### DATA:
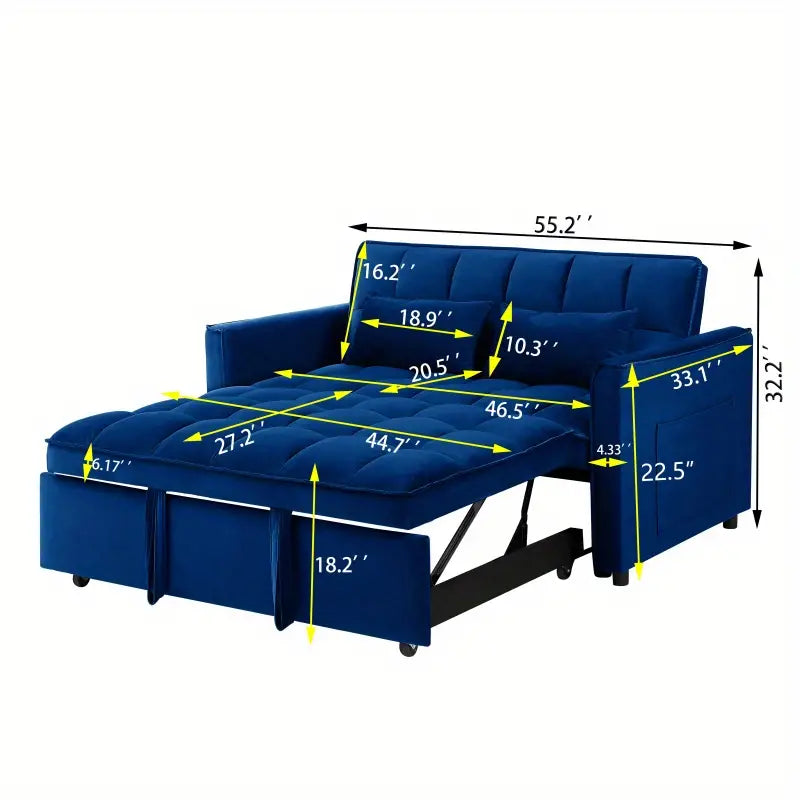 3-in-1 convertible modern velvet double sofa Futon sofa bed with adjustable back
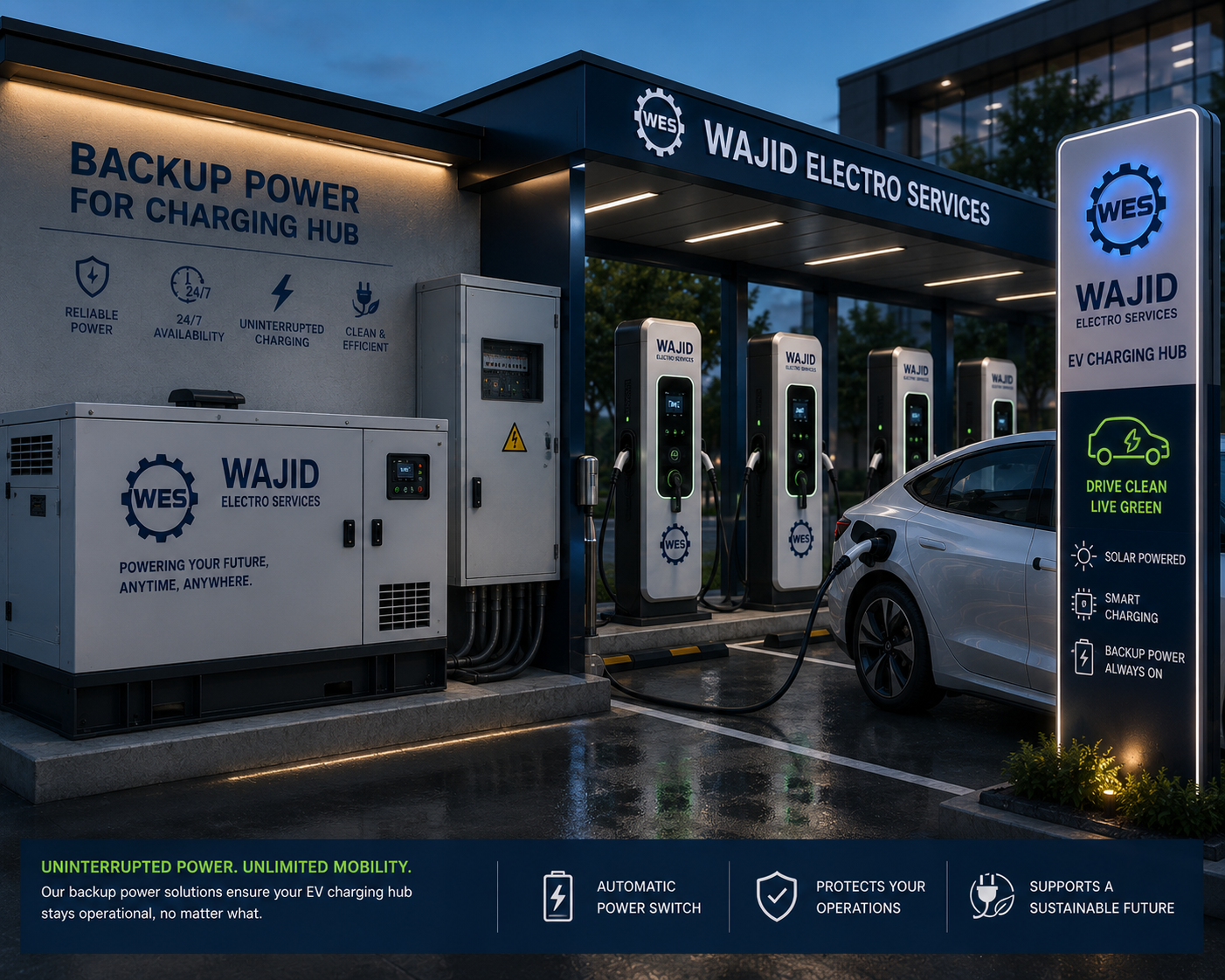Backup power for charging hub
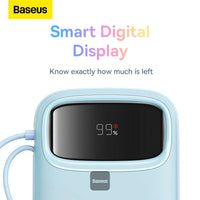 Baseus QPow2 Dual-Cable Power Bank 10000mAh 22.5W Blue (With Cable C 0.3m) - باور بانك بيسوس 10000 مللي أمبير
---
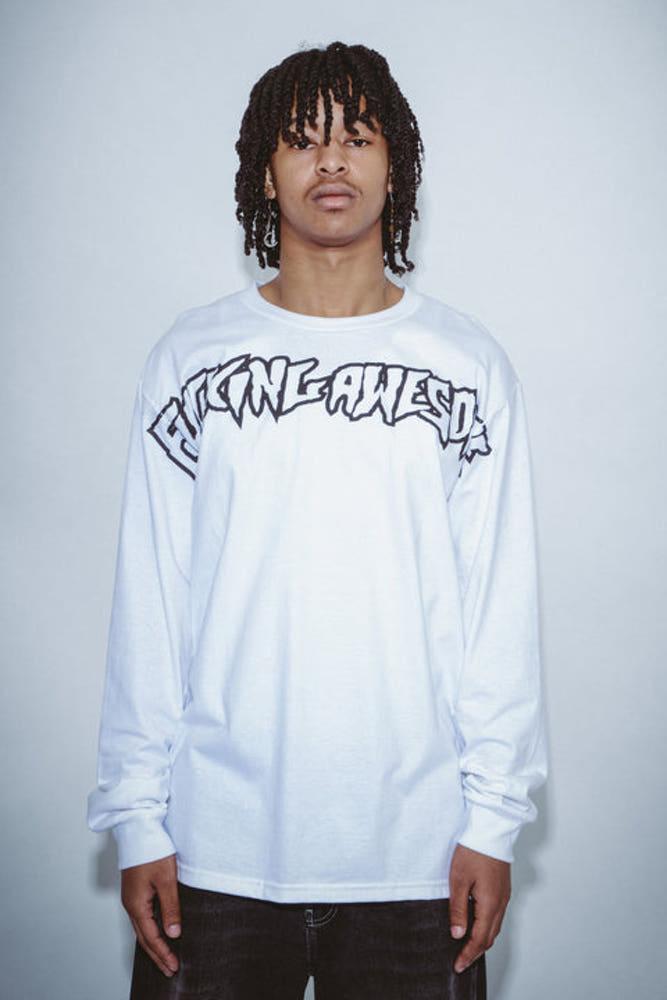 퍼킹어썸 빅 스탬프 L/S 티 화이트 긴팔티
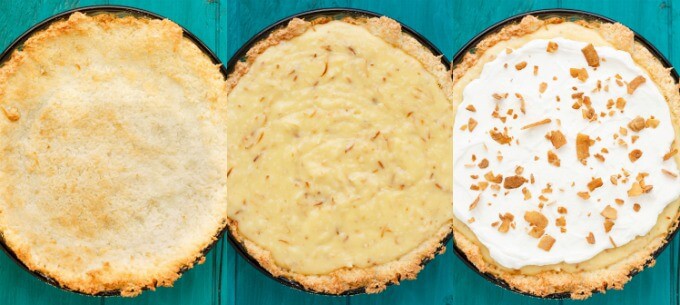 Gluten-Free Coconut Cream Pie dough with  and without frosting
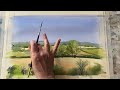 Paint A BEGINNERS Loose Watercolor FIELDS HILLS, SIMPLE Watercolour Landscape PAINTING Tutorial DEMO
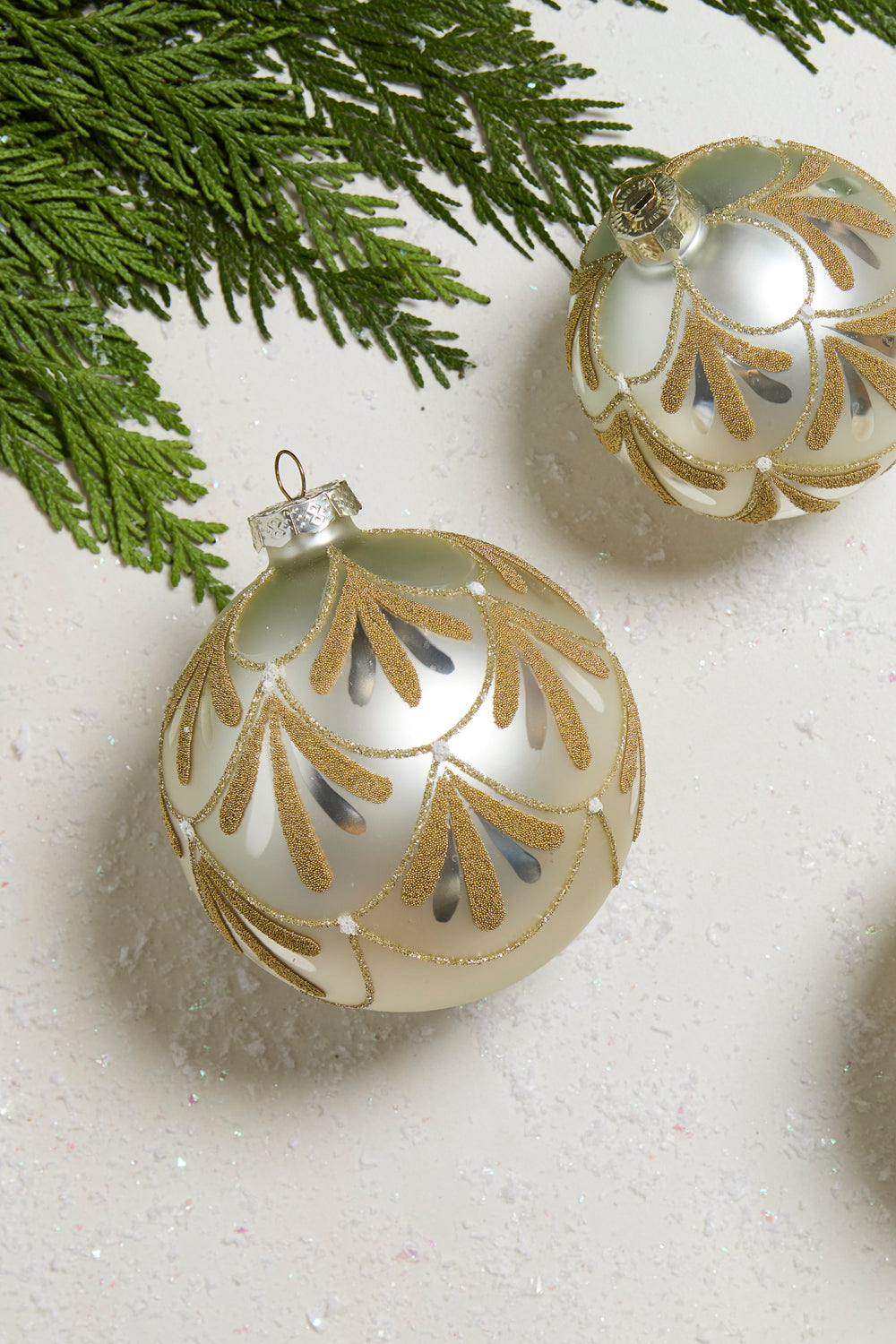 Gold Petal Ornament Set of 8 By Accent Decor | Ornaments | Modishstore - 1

### WORK INSTRUCTION:
The copy should hold exactly the lines above from the one with "3-in-1 convertible modern" through the one with "Baseus QPow2 Dual-Cable", both ends counted, and no pictures at all.

### ANSWER TO THIS EXERCISE:
 3-in-1 convertible modern velvet double sofa Futon sofa bed with adjustable back
Backup power for charging hub
 Baseus QPow2 Dual-Cable Power Bank 10000mAh 22.5W Blue (With Cable C 0.3m) - باور بانك بيسوس 10000 مللي أمبير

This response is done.